## [DIRECTIONS]
Your output should be the exact lines from the start of the data through the line containing "Light Oz Sweat Joggers", with no pictures.
========
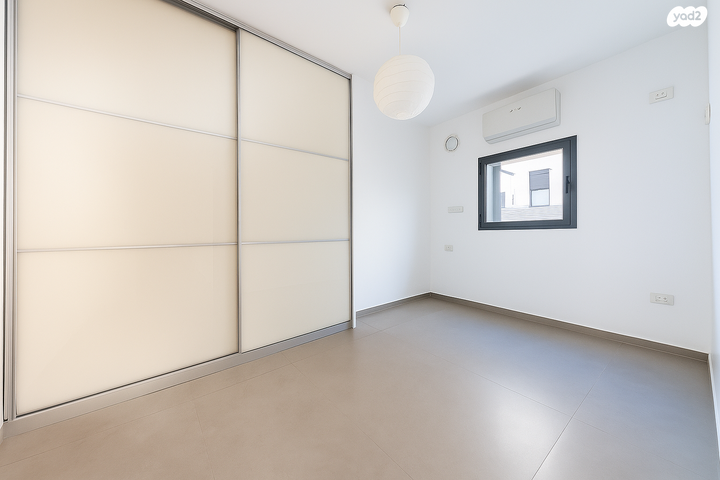 דופלקס, מרכז בעלי מלאכה, לב תל אביב, לב העיר צפון, תל אביב יפו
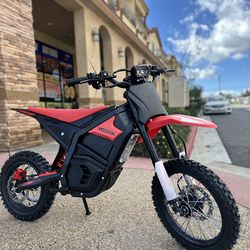 YOZMA IN10 and PRO AVAILABLE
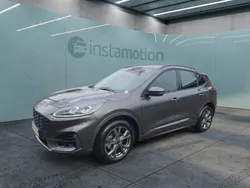 Other Gebraucht 2023 Ford Kuga ST-Line SUV | 28.390 € (Fairer Preis)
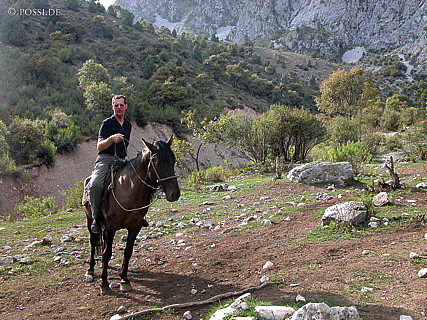 030902-0647.jpg
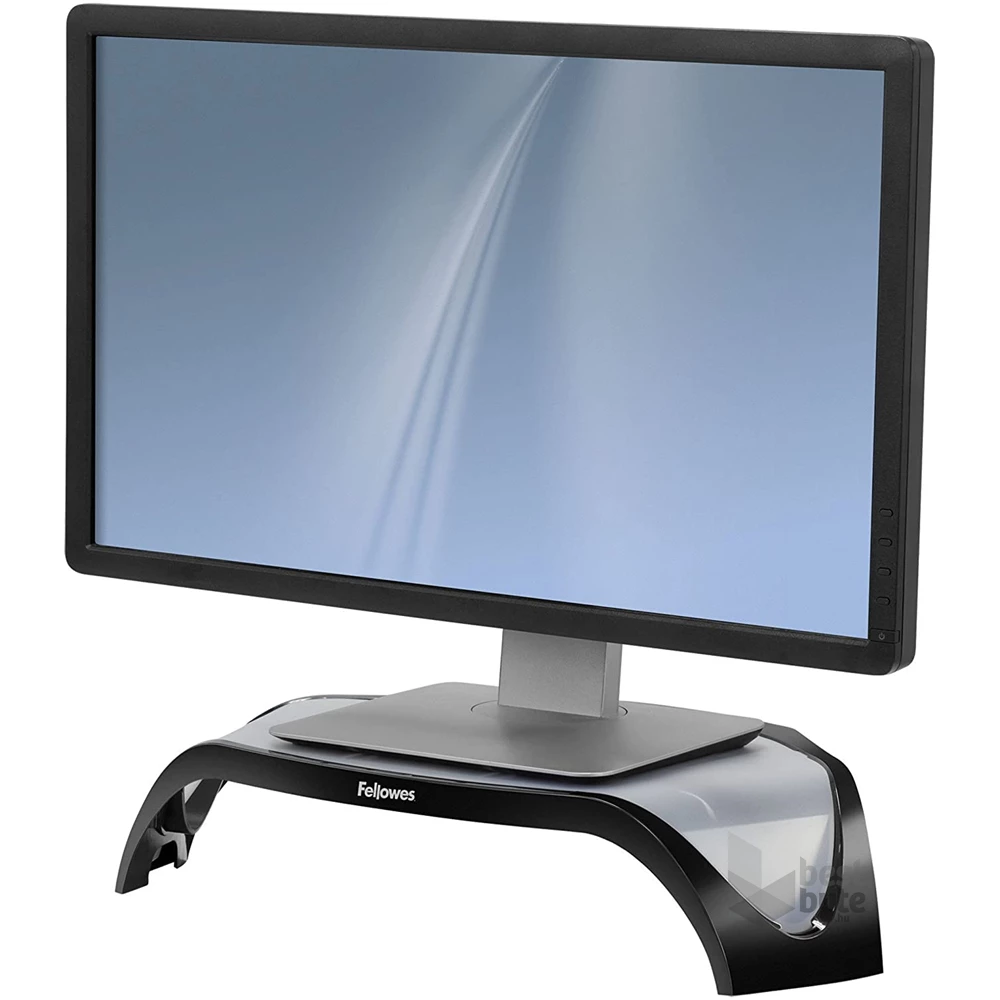 Fellowes 8020101 Smart Suites monitorállvány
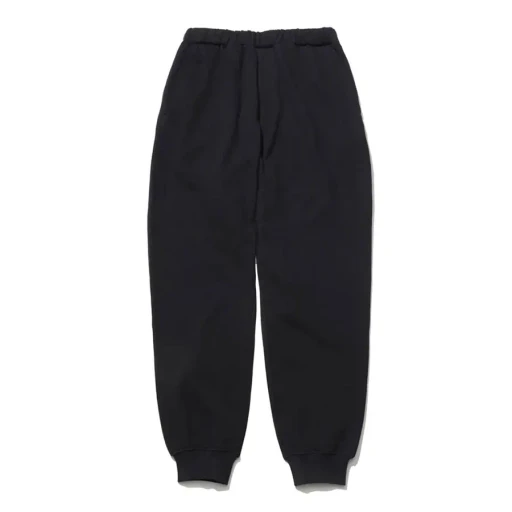 Light Oz Sweat Joggers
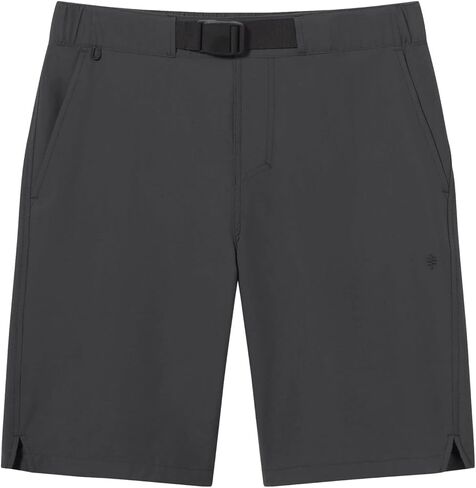 Royal Robbins Backcountry Pro Multi Short - Men's in Saudi Arabia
========
## [RESPONSE TO THIS EXERCISE]
 דופלקס, מרכז בעלי מלאכה, לב תל אביב, לב העיר צפון, תל אביב יפו
 YOZMA IN10 and PRO AVAILABLE
 Other Gebraucht 2023 Ford Kuga ST-Line SUV | 28.390 € (Fairer Preis)
 030902-0647.jpg
 Fellowes 8020101 Smart Suites monitorállvány
 Light Oz Sweat Joggers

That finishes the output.